Orient-Express loss widens
Orient-Express Hotels Ltd posted a wider first-quarter net loss as several of its European hotels were closed and while other tourist operations did not operate for most of the "traditionally loss-making" period.
The Bermuda-based leisure company, which operates and has stakes in more than 50 luxury hotels and restaurants, reported a loss from continuing operations of $2.38 million, or six cents a share, compared to $2.5 million, or six cents a share.
The company posted a net loss of $4.34 million, or 10 cents a share, compared with a net loss of $3.68 million, or nine cents a share, last year.
Revenue for the three months ended March 31 rose to $119.9 million from $97.7 million a year ago.
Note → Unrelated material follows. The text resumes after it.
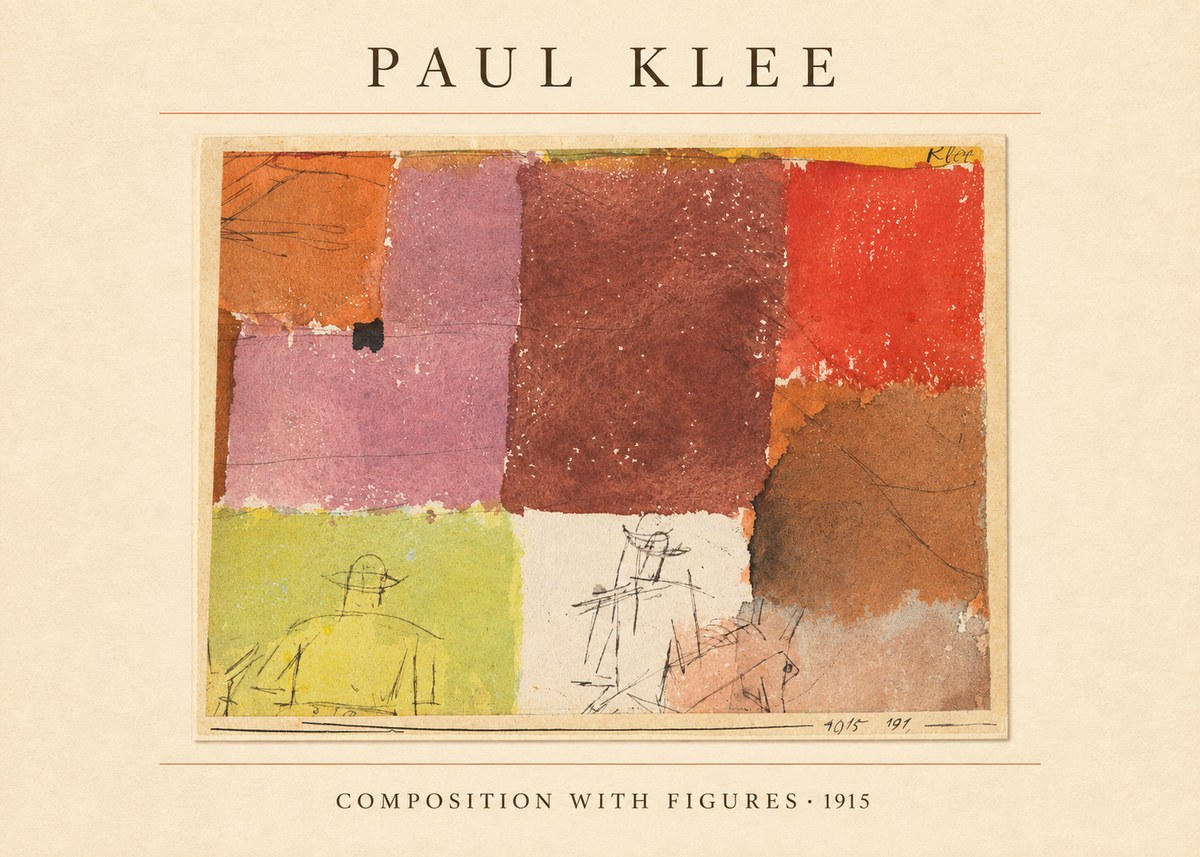 Paul Klee Composition with Figures II No4 - Plakat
A company press release stated: "The first quarter is traditionally a loss-making period for the company because several of its European hotels are closed for most of the quarter and the Venice Simplon-Orient-Express and Royal Scotsman tourist trains and Afloat in France canal cruises do not operate for most of the quarter."– Paul White, president and chief executive officer, said: "Overall, revenues in our traditional first quarter earning businesses have grown as expected. Same store Owned Hotels total revenues, which were up 18 percent, grew faster than same store revenue per available room growth of 14 percent. This performance indicates progress in our strategy and in various initiatives for maximising all revenues from both room-related and non-room activities."